Thursday, January 31, 2008

Lidia's Family Table

Welcome to my kitchen. I want to give you a look around this space–the heart of my home–and at the staple foods and equipment I cook with at home.

I have a comfortable kitchen, which after thirty years in the cramped galleys of restaurants is a dream. At last I have lots of work space atop the cabinets, which sit at either end of my double-oven commercial stove. Together they form an island which stretches across one side of the kitchen. My favorite work space is at the left of the island, with the stove burners immediately to my right, an easy reach to shake a skillet. Underneath my countertop prep area are cupboards with my essential seasonings. The refrigerator and freezer are a few steps to the left. The main sink is right behind me (with a view of my fig tree through the window); next to it, there’s a hearth housing a wood-fired rotisserie and grill. From hooks and racks above the sink and hearth hang skillets, saucepans, and pot covers; sieves, spiders, tongs, ladles, and spatulas.

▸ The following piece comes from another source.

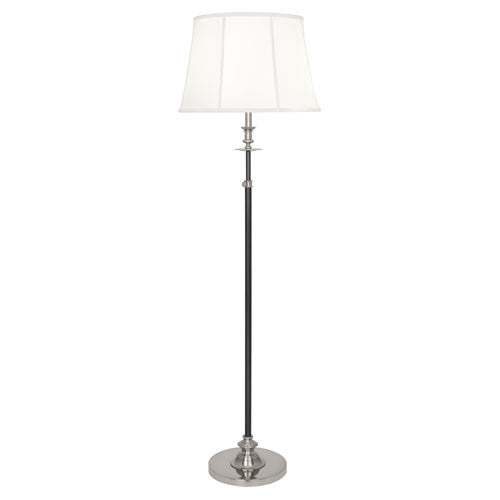 Robert Abbey Williamsburg Lewis Floor Lamp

But the most delightful aspect of my kitchen is that the work counters and cook top are open to the eating area with the long pine table–my family table–at which we take most of our meals and do most of our living as well. When I am making supper, I can watch Tanya and Lorenzo doing art; keep an eye on Julia in her playpen and Ethan searching for cookies; see my mother picking fresh chives from the little garden bed outside the windows. Giovanni is peeling garlic for me and we’re conversing in Italian. This is the way I cook!

The Foods I Cook with at Home
Most days when I cook lunch or supper at home I don’t have time toshop, so I get my ideas by opening some of the dozens of doors in the kitchen–for the dry storage cupboards, the refrigerator, and the freezer–and seeing what’s behind them.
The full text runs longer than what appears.